A Sans-I/O SSE Parser for Python
If you have consumed a streaming response from an LLM in Python, you have parsed Server-Sent Events — probably without noticing, because a client library did it for you. The format is the one every major provider uses to stream tokens: a text/event-stream response body where each event is a few field: value lines followed by a blank line. It looks like the kind of thing you could parse with response.iter_lines() and a couple of if statements. The first time you try, it works. The tenth time, in production, it drops half a token because a multibyte emoji landed across two TCP reads.

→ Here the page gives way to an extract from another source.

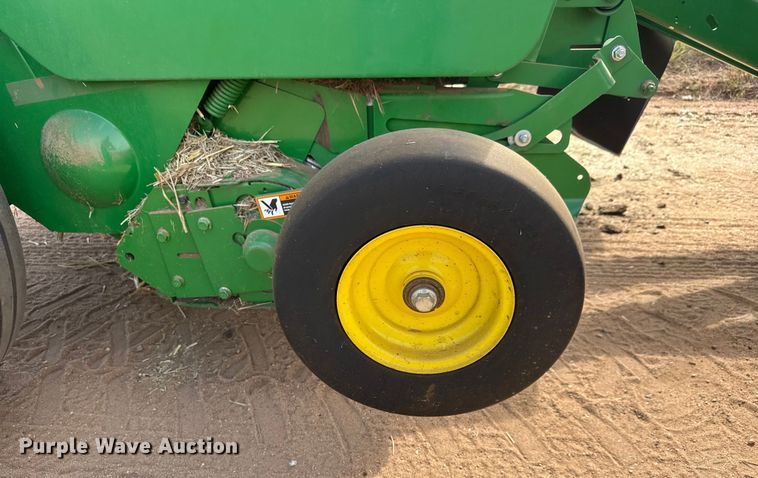 image for item EM8371 2015 John Deere 569 Mega Wide Plus round baler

The format is small but genuinely fiddly, and that fiddliness is exactly the kind of thing that should be written once, gotten right, and never re-implemented. So we pulled the parser out into its own library: sansio-sse. Pure standard library, zero runtime dependencies, MIT-licensed. It does no networking at all. That last part is the whole design, and it deserves an explanation.
What “sans-I/O” means
A sans-I/O library implements a protocol as a pure state machine and performs none of its own input or output. You feed it bytes; it hands you parsed results. It never opens a socket, never reads a file, never knows or cares where the bytes came from. This is the design philosophy behind h11 (HTTP/1.1) and h2 (HTTP/2): keep the protocol logic in one place, decoupled from the transport, so it can be tested exhaustively and reused everywhere.
The Python SSE landscape today does the opposite. sseclient-py is built around a requests response. httpx-sse is built around httpx. Both bundle a correct-enough parser inside a transport adapter, which means the parsing logic — the part that’s actually hard — is welded to a client you may not be using. If you are on aiohttp, or reading from a raw socket, or replaying a captured stream from a file, you re-implement the parser. And re-implementing it is exactly where the bugs come from.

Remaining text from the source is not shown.